When I was a kid, I was convinced my grandfather was Santa. He even looked like Santa. He had the bushy white beard that was soft but tickled your cheek. He had the big tummy and even the twinkle in his eye. I was always passionate about my friends meeting my grandparents because then they'd get to know the real Santa too.

As I grew older, I still retained that child-like faith of Santa because to me, he was real. I got to see him every time I went to Decatur.
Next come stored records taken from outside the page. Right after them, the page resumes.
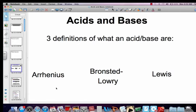The next unit we're going to be starting is all about acids and bases. It's also going to include some equilibria, so if you are not 100% sure on your equilibria skills, you might need to go back and watch those previous videos. There are three definitions of what an acid and a base are: Arrhenius, Brønsted-Lowry, and the Lewis definition.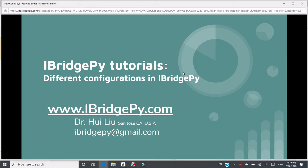Hello everyone. This is Dr. Hui Liu from San Jose, California, United States. My email is iBridgePy at gmail.com. iBridgePy is an easy-to-use Python platform to help traders build automated trading robots.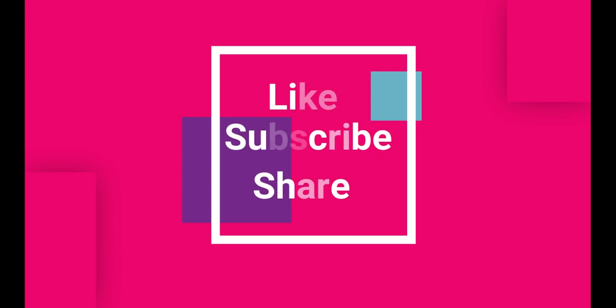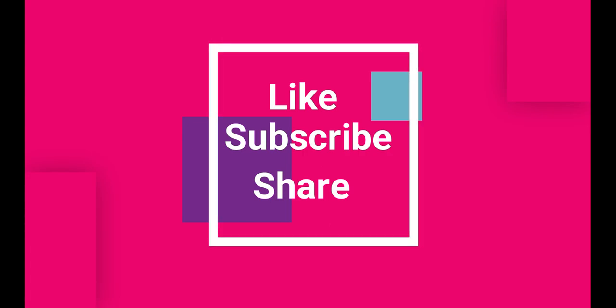Question and answer: any questions? If you have any question, please ask in the comment section. Thank you for watching. Please like, subscribe, and share.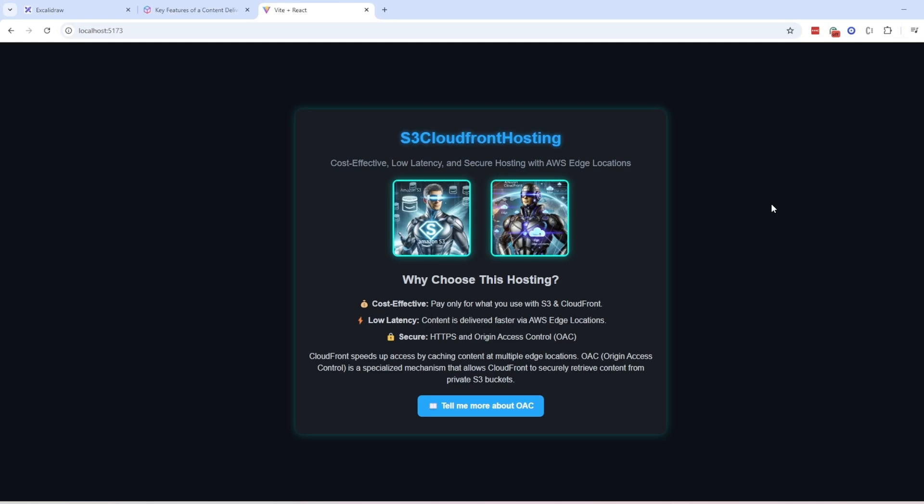Hi everyone, in this video we will see how to host your static website using AWS S3 and CloudFront.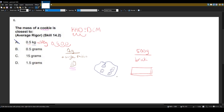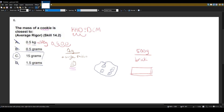And then you have the cookie itself. So you can kind of make the connection that it should be a decent amount more than one gram, but not too far away. The answer choice that makes sense here would be 15 grams, because 0.5 grams and 1.5 grams are basically one or two raisins, and 15 grams would properly give you an estimate of the mass of a cookie. If you go to google.com and search what is the mass of a single cookie, you will be presented with something close to 15 grams.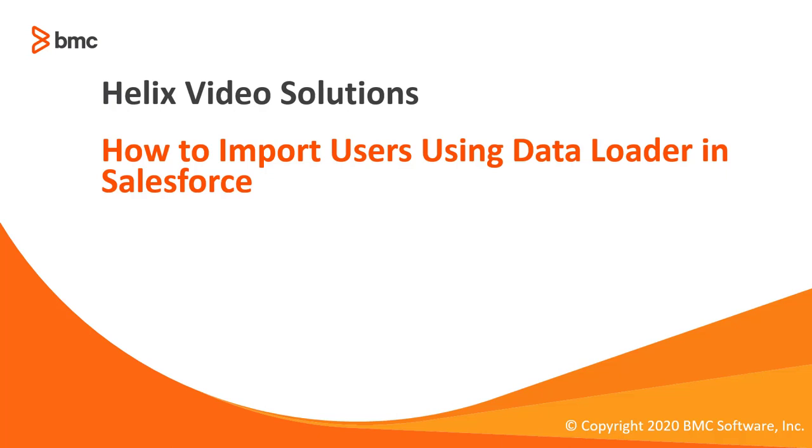Welcome to RemedyForce video tutorial. In this video we will show you how to import users using data loader in Salesforce. Let's move to the demo part.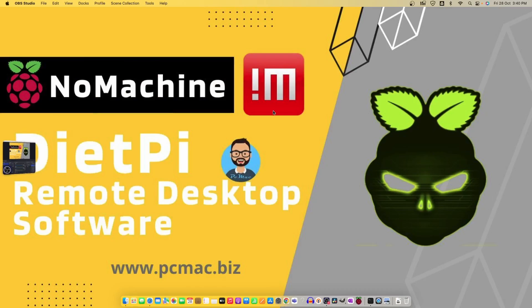Welcome to PC Mac. In today's video we are going to work on DietPi remote desktop software. I'm going to install NoMachine on our DietPi and after that we'll take control of the DietPi operating system.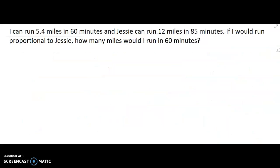Let's talk about running. I dabble in jogging, and the first statement is actually true — I can run 5.4 miles in 60 minutes, when I'm at peak performance. Now, Jesse can run 12 miles in 85 minutes — this is a made-up person. If I ran at a proportional rate to Jesse, how many miles would I be able to run in 60 minutes?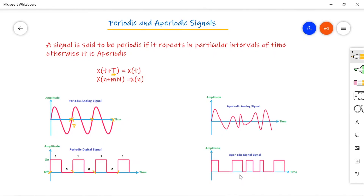In the aperiodic digital signal example, you can observe values 1, 0, 0, 1, 1, 0, 1, 1, 0, 1, 0, 0, 0, 1, 0, 0, 1, 1 — the signal continues but is not repeating at any particular interval of time. Such signals are called aperiodic digital signals.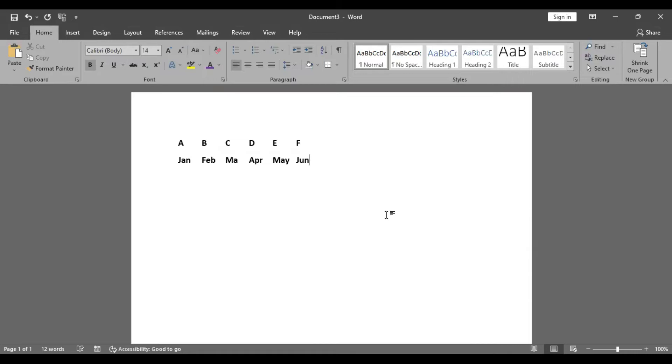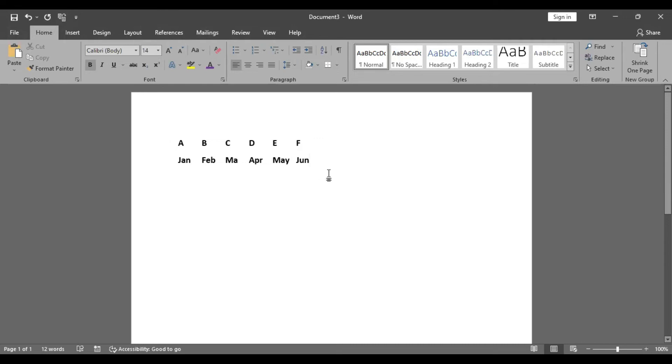So here we will type A to F. I will type January and February. I will type simple data. When we will take extra data in the next video, first of all, we will convert simple data.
When I about 12 or 13, my grandma admitted to me that my grandfather always ate the Christmas cookies we left out. Even though my sisters and I were all old enough not to believe in Santa, we still left cookies for my grandfather to eat. And my grandfather, in true Santa form, left us little notes on the cookie plate. Mostly "Yum, yum, yum" or "Be good."

But mostly, he remained Santa to me because he shared 3 of Santa's main traits: talent, commitment and jolliness. When I started thinking about writing my blog, I asked Zack who he though made the toys before the Elves came. He thought about it for a minute and said "Santa." For this to be true, Santa must be a very talented craftsmen. He would be an expert at woodworking, welding and the world's greatest artist. My grandfather equaled Santa's talent. He was a wonderful stained glass artist. After he retired, he traveled to different churches and did stained glass windows for them. One of my most prized possessions is a stained glass frog lamp he made me when I was a teenager. I also discovered shortly after his death that he once entered a citywide stained glass competition and placed 2nd.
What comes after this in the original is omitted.